In his monthly column in the Kirdford with Plaistow Parish newsletter, the Rev Paul Redparth, says the parish is running at a loss of £1,124 a month due to rising costs and a continuing reduction in subsidies from central reserves.
He writes that the Church of England is not rich, but relies on the ‘courageous and often sacrificial’ donations from congregations to pay its staff, its bills and all the life-changing work it does in the community.
He warns: “The crisis point is here now and individual parishes are being asked to forget about historic subsidies - it’s all down to them now.
“And this is hard. A colleague in a nearby village parish told me just before Christmas that his parish is running at a loss of just over £800 per month and he has no idea how he and his small congregation are going to be able to overcome this. Their small ‘rainy day’ fund has now almost gone.
“The alarming thing for me to contemplate is that we are in a worse situation than his congregation.

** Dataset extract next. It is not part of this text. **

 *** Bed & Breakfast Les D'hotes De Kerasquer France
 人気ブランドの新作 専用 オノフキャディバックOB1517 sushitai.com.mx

“Currently we are running at a loss of £1,124 per month and that obviously cannot continue very long.”
He says that the Church of England’s ‘historic wealth’ people hear about is largely tied up in listed buildings which are ‘difficult and costly to sell’ as well as being very expensive to maintain.
Any investments the church has are used to “provide small pensions for clergy who have often spent a lifetime serving the community”.
But, speaking to this newspaper, he said he hoped this crisis would not lead to the closure of the churches.
“My letter was strong and its message intended to be two-fold. Firstly to send a message to the extended community that we, The Church of England, are not subsidised by the Government and we do not have huge legacies as we once did.
“Secondly, it was a message to the existing congregation to give them a bit of encouragement in what they are doing in keeping the show running, as it were.
“Many churches are experiencing these kinds of problems because of rising expenses of ministry and upkeep of the buildings.
“Contributions from parishioners are still coming in, but it’s the ministry costs.
“Churches will not close. The worst thing that will happen is that there will be fewer full time, paid clergy.
“They will be non-stipendiary [unpaid] ministers, readers and volunteers.
“Paid clergy will leave through retirement and natural wastage.”
John Sherlock, local church resources officer for Diocese of Chichester confirmed Rev Redparth’s views.
He said: “The Diocese of Chichester roughly covers East and West Sussex, including Brighton and Hove. Despite being one of the wealthier corners of the globe, there are still areas of serious deprivation, not just in our towns but in some rural areas as well.
“The Diocese will continue, so long as it is able, to fund Christian ministry in these areas, but the idea that ministry funding across the county all comes from some huge central pot is a complete myth.
“Christian ministry in Sussex is funded by the generosity of Sussex people - and they are incredibly generous: they give, of their own free will, some £25m across the county.
“So the ideal - something we’re aiming for - is that in the wealthier parts of the county, churches pay for themselves and a bit more, while in the more deprived areas ministry will be subsidised.
“Church closure really is the last resort - but ultimately if the money runs out it’s inevitable - we are not immune from the normal rules of good housekeeping.
“It is also worth noting that Chichester diocese is a net subsidiser - over half a million pounds a year - to other parts of the Church of England.”
The Rev Redparth said a proposal to set up a stewardship campaign will be discussed by Kirdford with Plaistow Parochial Church Council next month to help raise their church funds further.